Modena et al. (Modena, M.; Borsini, G.; Ragazzini, M.; European Polymer J. 1967 3, 5-12), U.S. Pat. Nos. 5,032,656 (Mares et al.) and 5,723,556 (Jones, C. W.) disclose copolymers of fluoromonomers, such as tetrafluoroethylene (TFE) and chlorotrifluoroethylene (CTFE), and functionalized hydrocarbon monomers, such as vinyl acetate (VAc). The copolymers were prepared by free radical polymerization in aqueous emulsions that may employ an organic co-solvent. The copolymers were amorphous, organic solvent soluble, and could be cast into colorless transparent films. Partial or complete hydrolysis of copolymers incorporating VAc, to vinyl alcohol (VA), yielded terpolymers and copolymers, respectively, with reactive functional sites for potential further modification, such as cross-linking. However, the solvent systems used for polymerization limited these copolymers. A narrow range of compositions was obtained when organic co-solvents were employed (U.S. Pat. No. 5,032,656) while highly branched structures were formed, for copolymers prepared in aqueous emulsions (U.S. Pat. No. 5,723,556).

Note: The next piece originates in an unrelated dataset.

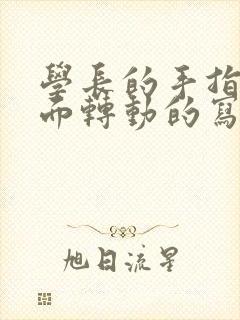 学长的手指在里面转动的写作业呢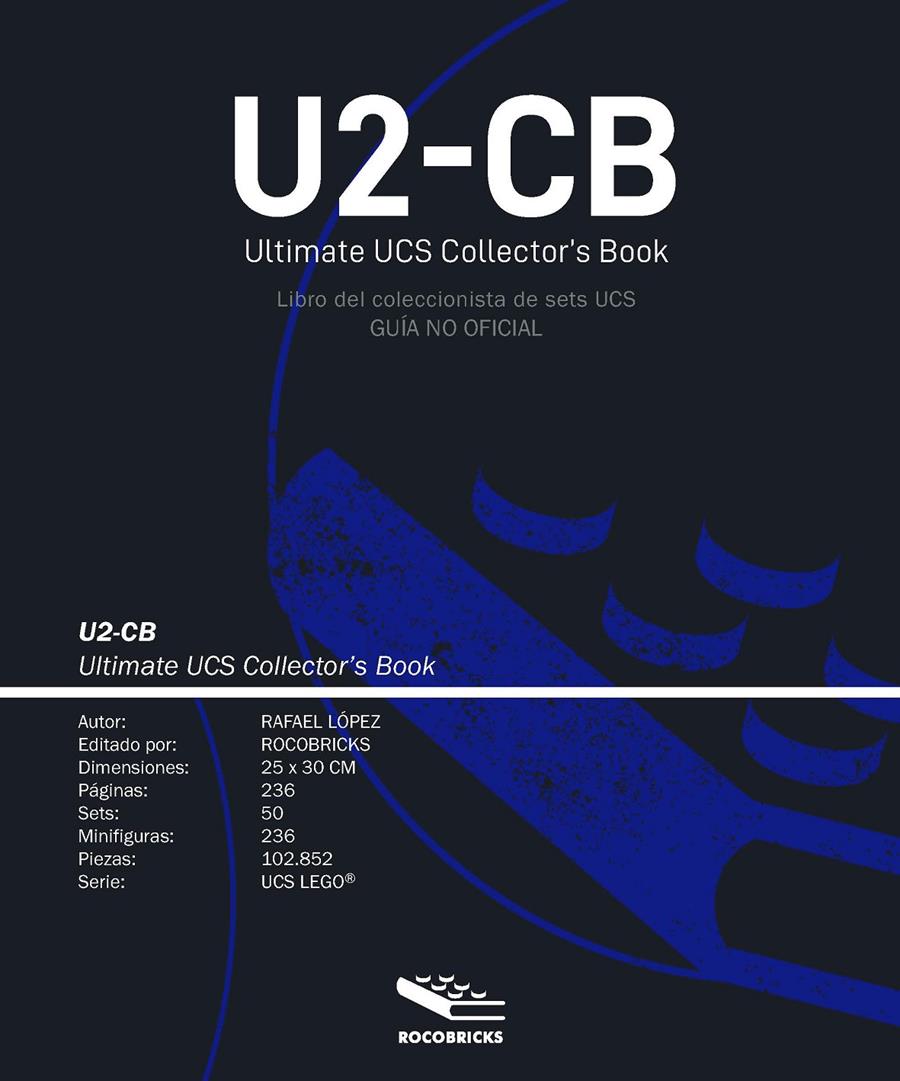 U2-CB Ultimate UCS Collector's Book (Libro del coleccionista UCS) | 9788412162820 | López Domínguez, Rafael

Hydrolysis of the latter copolymers, prepared in aqueous emulsions, not only converted ester groups to the corresponding vinyl alcohol but also resulted in at least a 10-fold decrease in the weight average molar mass (Mw) of the copolymers. Furthermore, there was also a large decrease in intrinsic viscosity with hydrolysis (Modena et al. European Polymer Journal 1967). It was proposed that radical hydrogen abstraction, of methyl hydrogen from VAc by the macro-radical on TFE, and continued propagation of the resulting macro-radical, incorporated ester groups into the polymer backbone (U.S. Pat. No. 5,723,556). Subsequent hydrolysis cleaved these esters resulting in a decreased Mw.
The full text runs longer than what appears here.